All of lore.kernel.org
 help / color / mirror / Atom feed
From: Yafang Shao <laoar.shao@gmail.com>
To: david@fromorbit.com, hch@infradead.org, darrick.wong@oracle.com,
	mhocko@kernel.org, willy@infradead.org
Cc: linux-xfs@vger.kernel.org, linux-fsdevel@vger.kernel.org,
	linux-mm@kvack.org, Yafang Shao <laoar.shao@gmail.com>
Subject: [PATCH v3] xfs: introduce task->in_fstrans for transaction reservation recursion protection
Date: Sun, 26 Jul 2020 10:57:26 -0400	[thread overview]
Message-ID: <20200726145726.1484-1-laoar.shao@gmail.com> (raw)

PF_FSTRANS which is used to avoid transaction reservation recursion, is
dropped since commit 9070733b4efa ("xfs: abstract PF_FSTRANS to
PF_MEMALLOC_NOFS") and commit 7dea19f9ee63 ("mm: introduce
memalloc_nofs_{save,restore} API") and replaced by PF_MEMALLOC_NOFS which
means to avoid filesystem reclaim recursion. That change is subtle.
Let's take the exmple of the check of WARN_ON_ONCE(current->flags &
PF_MEMALLOC_NOFS)) to explain why this abstraction from PF_FSTRANS to
PF_MEMALLOC_NOFS is not proper.
Bellow comment is quoted from Dave,
> It wasn't for memory allocation recursion protection in XFS - it was for
> transaction reservation recursion protection by something trying to flush
> data pages while holding a transaction reservation. Doing
> this could deadlock the journal because the existing reservation
> could prevent the nested reservation for being able to reserve space
> in the journal and that is a self-deadlock vector.
> IOWs, this check is not protecting against memory reclaim recursion
> bugs at all (that's the previous check [1]).

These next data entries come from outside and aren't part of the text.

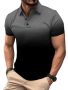 Мъжка тениска за с градиентен цвят, голям размер,за лятото,стилен стил,къс ръкав, снимка 1 - Тениски - 45653645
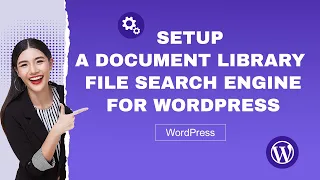 Setup a document library file search engine for WordPress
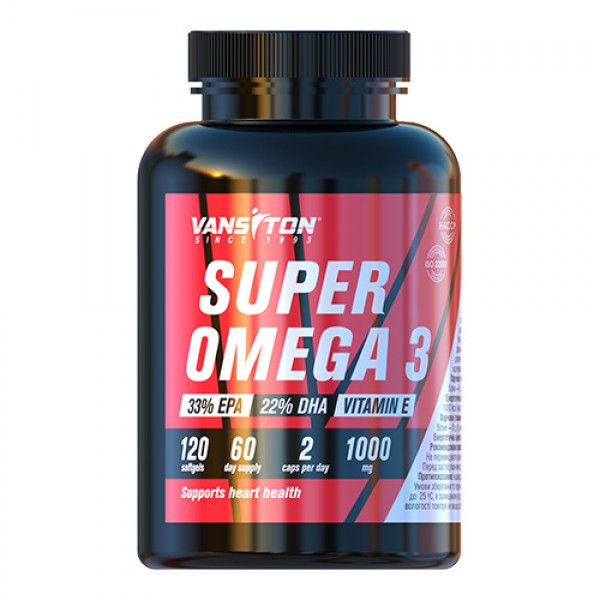 Супер Омега 120 капсул Vansiton
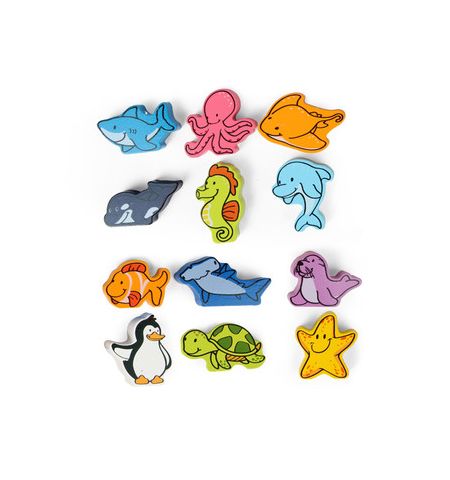 Hape E0902B Деревянная игрушка -  Набор подводный мир в тубусе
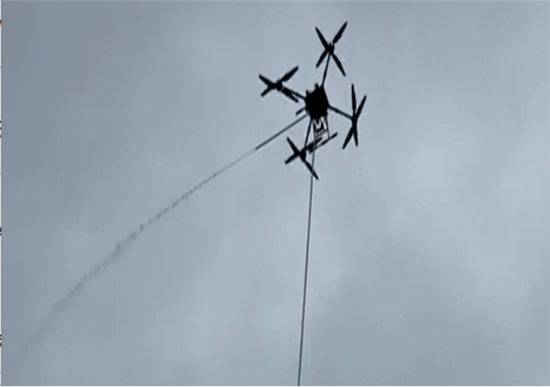 LT-UAVFP Vehículo aéreo no tripulado (UAVS) de extinción de incendios 02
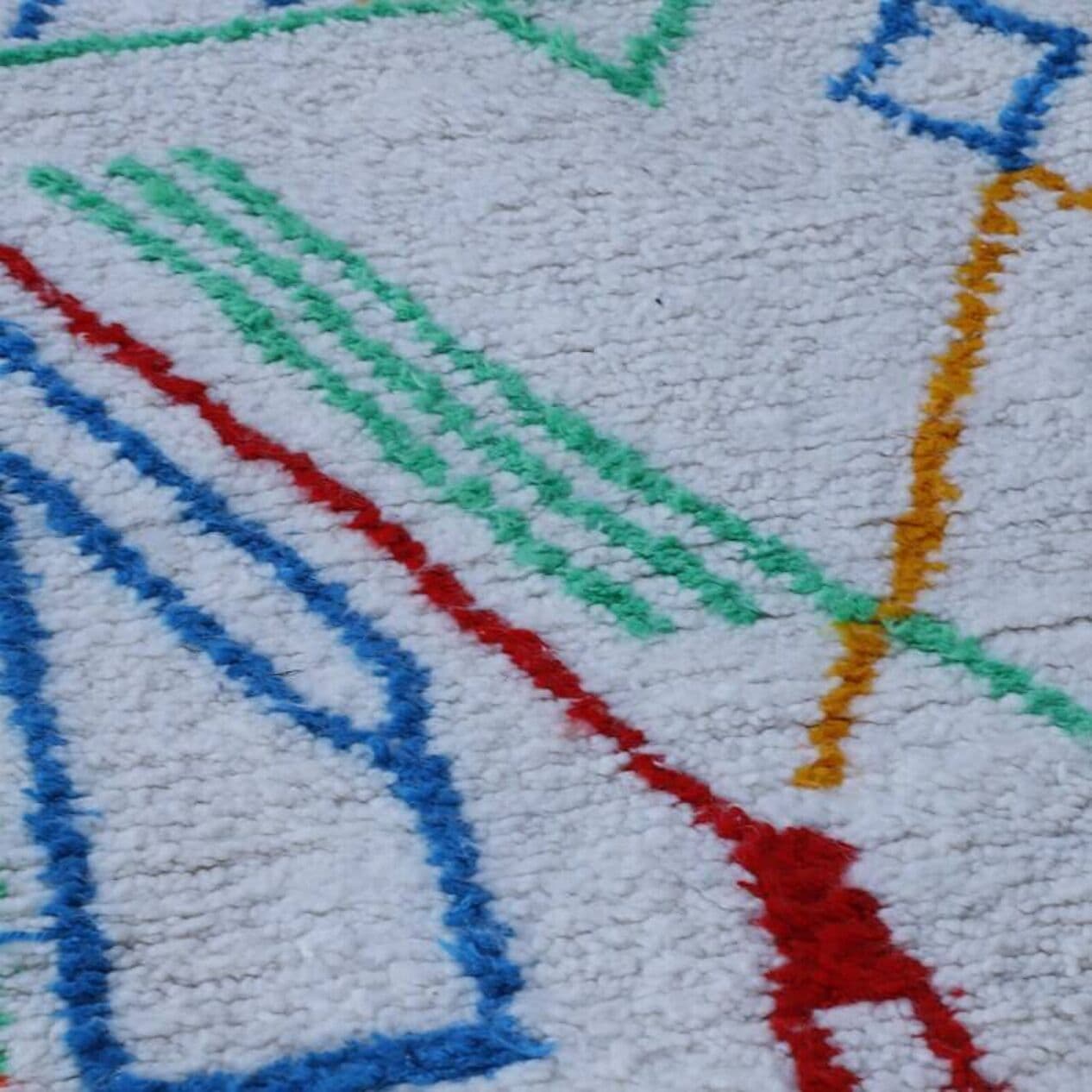 Ręcznie tkany dywan 250x150 cm, wełna, wielokolorowy, Maroko - 200983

This check is
> protecting against the filesystem calling writepages directly from a
> context where it can self-deadlock.
> So what we are seeing here is that the PF_FSTRANS ->
> PF_MEMALLOC_NOFS abstraction lost all the actual useful information
> about what type of error this check was protecting against.

As a result, we should reintroduce PF_FSTRANS. Because PF_FSTRANS is only
set by current, we can move it out of task->flags to avoid being out of PF_
flags. So a new flag in_fstrans is introduced.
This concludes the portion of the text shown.